Fenerbahçe’nin oyun sistemi iki ileri bir geri, tıpkı Mehter Takımı gibi... Üstüne üstlük hiçbir Fenerbahçeli futbolcu ne yaptığını, ne yapacağını bilmeden oynuyor. Varsa yoksa Lens’in üstün performansı ve kenardan sert kesme toplarla geliştireceği gol pozisyonları beklentisinde.
Fernandao oynadığı süre içerisinde Osmanlıspor defansının arasında yalnızlığa mahkum mücadele etti. Böyle olunca da gol şansı hayali beklentilere kaldı.
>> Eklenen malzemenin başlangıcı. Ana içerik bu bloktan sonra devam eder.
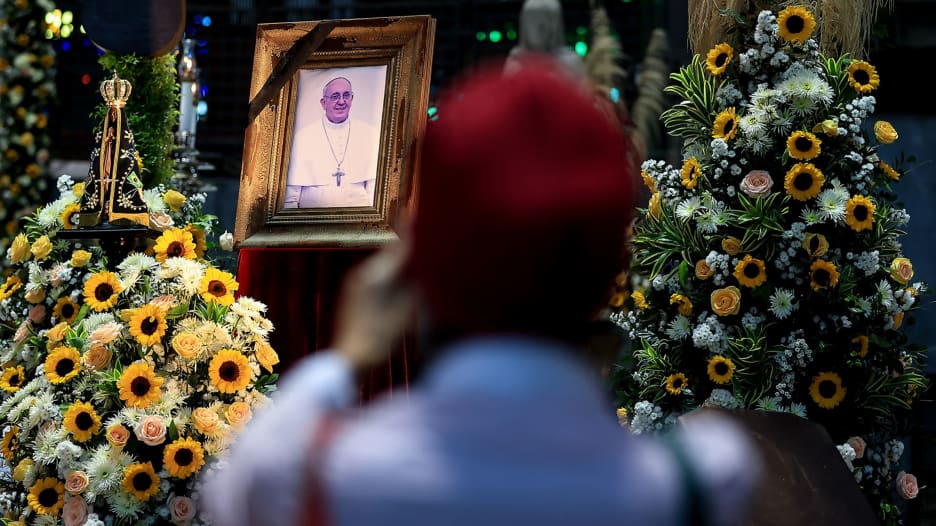 لماذا لن يتم دفن البابا فرنسيس في الفاتيكان؟.. مراسل CNN يوضح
Fenerbahçe ağır aksak oynuyor. Orta saha oyuncuları zaman zaman top kayıplarında kaldı. Benim anladığım futbolda orta saha oyuncuları hücumcular ile verkaça girerler, pozisyonlar bulur ve gol atarlar. Ama ben Fenerbahçe’de bir gün böyle bir görüntü görsem Allah rızası için dişimi kıracağım.
Ayrıca rakip kaleye gol vuruşlarına bakıyorum da hiç vurmasalar daha iyi olur. Örneğin bir pozisyonda Ozan’ın şutu gibi. Gol olacak pozisyon olarak garibanlığı yaşayan Fenerbahçe, “Nereye koştuğunun farkında mı acaba?” diyorum.
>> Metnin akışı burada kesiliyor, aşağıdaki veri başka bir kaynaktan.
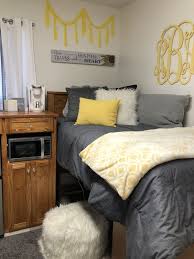 Upscale setup with dark wall decor and manly bedding in some cases, luxury bedding is the only thing you need to make your bedroom stand out. 35 Best Dorm Color Schemes For Your Freshman Dorm Room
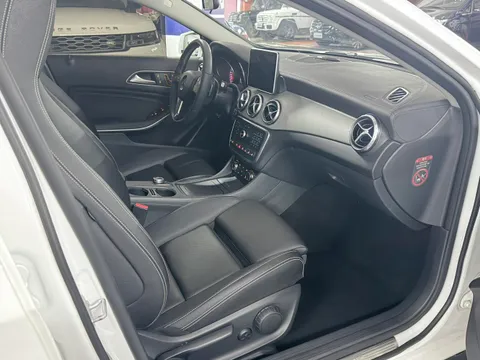 Mercedes-Benz Mercedes-Benz GLA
İkinci yarı ilk önce Lens, sonrasında Fernandao’nun kale dibinden kaçırdıkları golleri ve kaleci Karcemarskas’ın kurtardıklarını gördüm. Bu kadar kolay olacak pozisyonları gole çeviremezseniz, maçı da zora sokarsınız. Aynen Osmanlıspor karşısındaki Fenerbahçe gibi.
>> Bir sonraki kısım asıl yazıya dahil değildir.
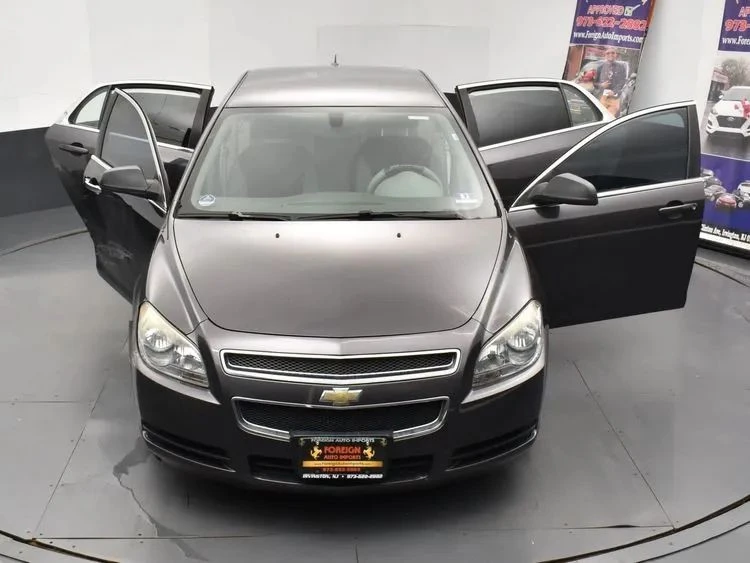 2011 Chevrolet Malibu - Image 10 of 12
Allah’tan Lens bir daha Mehmet Topal ile topu birleştirdi. Ve Mehmet Topal’ın golüyle Fenerbahçe öne geçti. Böylece zor giden maçta Fenerbahçe adına 3 puanı kaydeden oldu. Osmanlıspor’un bir şutu direkten döndü. Gol olacak bir kaç şutunda da Fenerbahçe kalecisi Fabiano gole izin vermedi. Sonrasında Mehmet Topal’ın maçın bitim dakikalarında atmış olduğu golle, Fenerbahçe kendi evinde, zor da olsa kazanan oldu. Fenerbahçe, dün akşam maçı kurtardı ama ilerisi için hiç de iyi şeyler söylemek mümkün değil.